Несмотря на трудности, заработали ведомства по сбору налогов – четверти или чети (Галицкая, Костромская). Восстановленный Поместный приказ даже начал проводить «дозоры» – учеты поместных земель – и стал наделять ими ополченцев [70,
В Ярославле началась и внешнеполитическая деятельность правительства «всей земли». Располагая более чем 10-тысячным надежным, хорошо вооруженным и сытым войском, можно было приступать и к таким проблемам. Утвердили здесь и свою печать – эмблему.
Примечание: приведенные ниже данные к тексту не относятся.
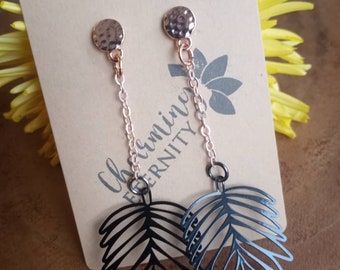 Stunning, dangling earrings with plant leaf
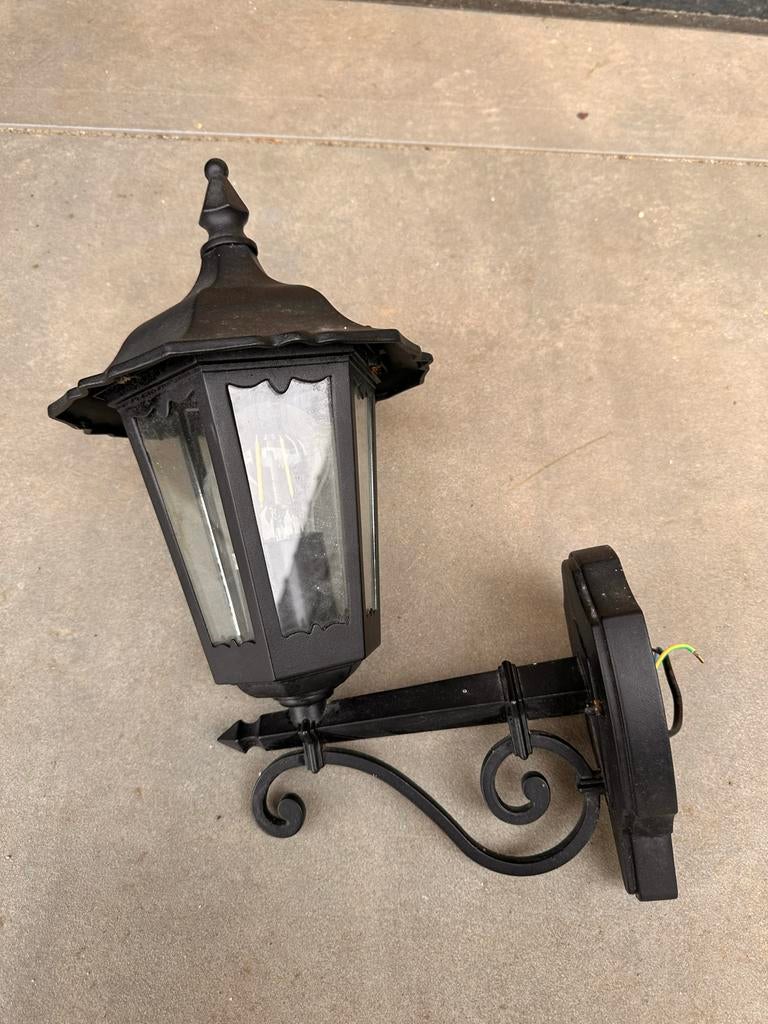 Zwarte buitenlamp, Gebruikt, Wandlamp, Ophalen of Verzenden, Netvoeding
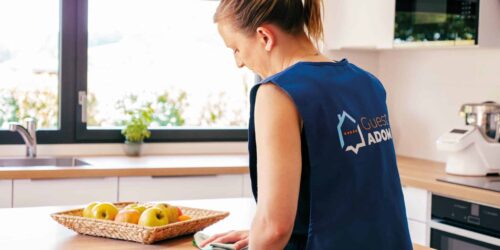 gestion-locative-conciergerie-aribnb-internalisation-menage GUEST ADOM recrute ses saisonniers - assistant menager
Она сохранилась на нескольких выданных Поместным приказом Второго ополчения документах и представляет собою, видимо, перстневую печать Пожарского. Человек образованный, князь Дмитрий не мог не знать о значении геральдики в Западной Европе, где по символике определяли знатность и могущественность обладателя герба. Поэтому он пользовался перстневой печатью с гербом, с которой скопировали и изготовили печать побольше, для заверения внутренних документов, а также большую, по типу государственных, видимо, для внешних сношений. Пользоваться царским «двуглавым орлом» в «безгосударное время» «Совет всей земли» считал, видимо, невозможным, это означало бы претензии на вакантный, по его мнению, царский титул. Недаром после убийства Лжедмитрия I его сообщник М. Молчанов, бежав из Москвы и задумав новую самозванческую авантюру, прихватил и государственную печать. Член Семибоярщины князь Мстиславский на договоре с Жолкевским о призвании Владислава ставил свою личную печать с геральдическим львом. В Первом ополчении сочинили свою эмблему: на его печатях – одноглавый орел или сокол с открытым клювом в полоборота, стоящий на ветви и с надписью по всему полю «Земская печать Московского государства». На принятой Вторым ополчением эмблеме Пожарского изображение совершенно иное: в центре – орел или сокол, клюющий отрубленную голову; с двух сторон его охраняют стоящие на задних лапах львы [145,
В Ярославль, как мы уже отмечали, приехали некоторые бояре (но они потеряли авторитет у масс, были в их глазах «кривителями и изменниками», присягавшими Владиславу), а также нечто вроде Освященного собора во главе которого по рангу своему оказался старший иерарх на освобожденных территориях – ростовский митрополит Кирилл [70,
Вступивший на престол в 1611 г. новый шведский король Густав II Адольф оказался перед дилеммой: с одной стороны, он должен был осуществить на практике прежние договоренности (еще Я. Делагарди с П. П. Ляпуновым) о принятии на русский престол его младшего брата, Карла-Филиппа, но с другой – его отношения с братом были настолько враждебны, что он отнюдь не приветствовал не только возникновение Новгородского полузависимого государства во главе с Карлом-Филиппом, но, тем более, и грядущую возможность его избрания на царский престол [55, 210]. При этом не исключено, что князь Дмитрий, трезво оценивая грызню в московских боярских группировках, не возражал бы против кандидатуры «со стороны», не связанной с ними, и в то же время «прирожденного государского сына».